El coro supo aprovechar la ocasión y estuvo espléndido vocal y actoralmente, destacando sobre todo en la difícil escena final que culmina con el auto de fe, convertido en la impactante quema de la omnipresente bicicleta de Renata.
La gran estrella de la noche fue Ausrine Stundyte como Renata, un rol francamente ingrato ya que debe actuar e incluso cantar al borde del derrumbamiento moral y físico durante la practica totalidad de la ópera, siempre bordeando la locura pero sin llegar a cruzar -más que fugazmente- esa delicada frontera. Todas las alabanzas a Stundyte resultan escasas, toda la representación pivota sobre ella dramática y musicalmente, y en ningún momento se notó el cansancio o la caída de intensidad emocional. Stundyte no jugó el papel de víctima indefensa, ni abusó de sus traumas, no intentó ser simpática ni romántica, sino una figura totalmente desconcertada también en su lenguaje musical, que es denso y relativamente atonal aunque muy respetuoso con los cantantes, como es habitual en Prokofiev, un compositor cuyas óperas aún no se han vuelto habituales en las programaciones (no son obras fáciles ni agradables, salvo quizás Boda en el monasterio) pero que merecen ser mucho más oídas.

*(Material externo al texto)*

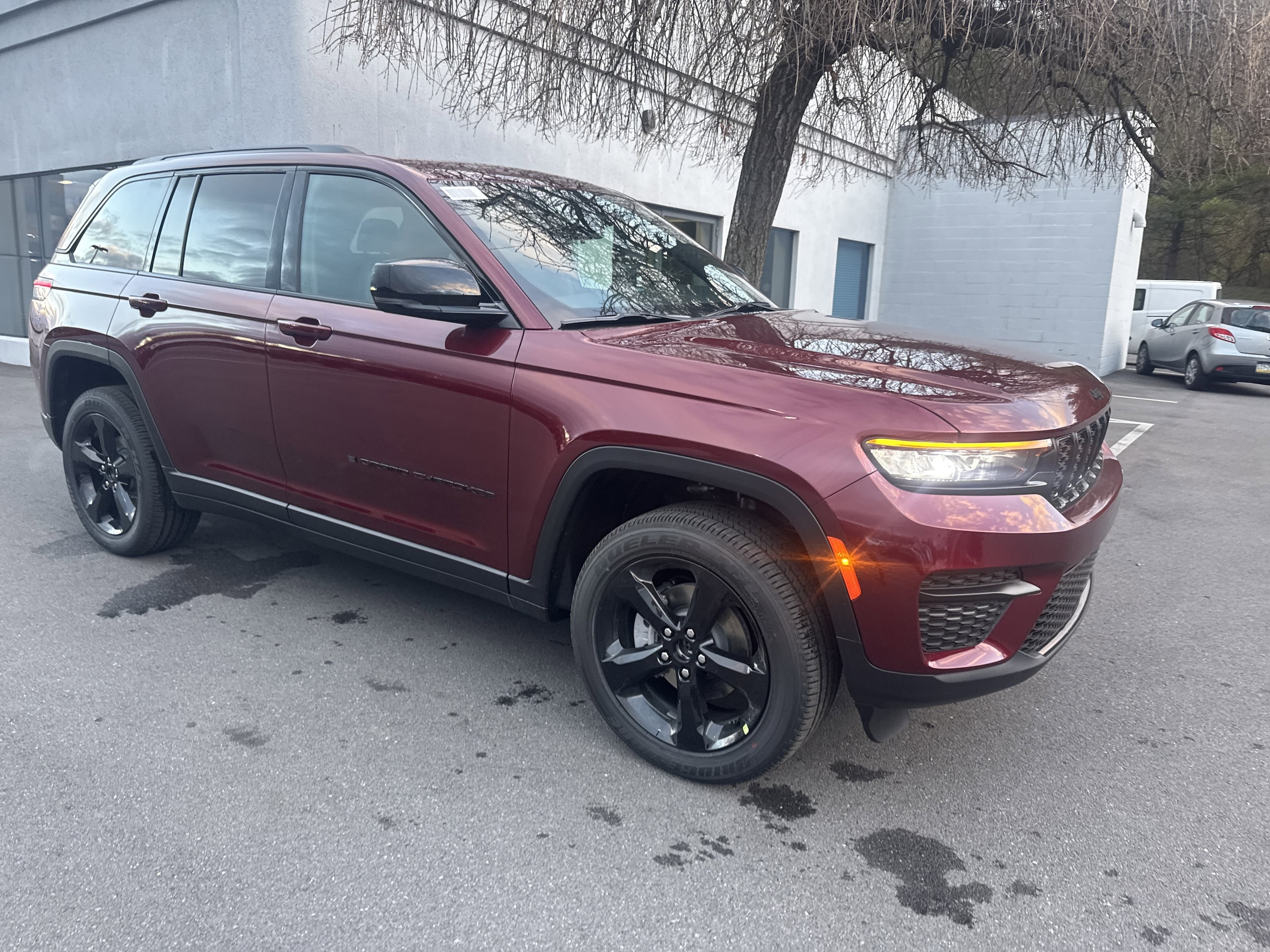 2025 Jeep Grand Cherokee Altitude's photo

Leigh Melrose (Ruprecht) es un buen cantante que en esta ocasión -y es un acierto- se dejó arrastrar por Renata entendiendo que la representación depende de ella. Dramáticamente su rol resulta muy complicado porque tiene que representar al mismo tiempo su personaje real y lo que Renata ve en él (la imagen que ella se crea), que a menudo son cosas contradictorias. Melrose sí acusó en algún momento el cansancio pero ello no le impidió cumplir sobradamente con las expectativas.
Dmitry Golovnin se enfrentaba al doble papel de Agrippa von Nettesheim y de Mefistófeles, filtrado además por la imaginación de Renata. El cinismo moral y la ambigüedad de su rol le permitían lucirse y Golovnin lo hizo con efectividad y discreción al tiempo. Dejó correr las cosas, fue incluso frío, porque no hay que olvidar que Mefistófeles gana siempre. Igualmente satisfactorios el resto de los 'malos' -Fadó, Kares o Ulianov- tanto vocal como actoralmente.
Fue una de esas grandes noches en las que todo funciona bien y todos los elementos están compensados. Para mayor fortuna, disfrutamos de una solista excepcional y una profundización dramática que hemos echado de menos en otros espectáculos que vimos recientemente en este mismo Teatro Real o en el Teatro de la Zarzuela.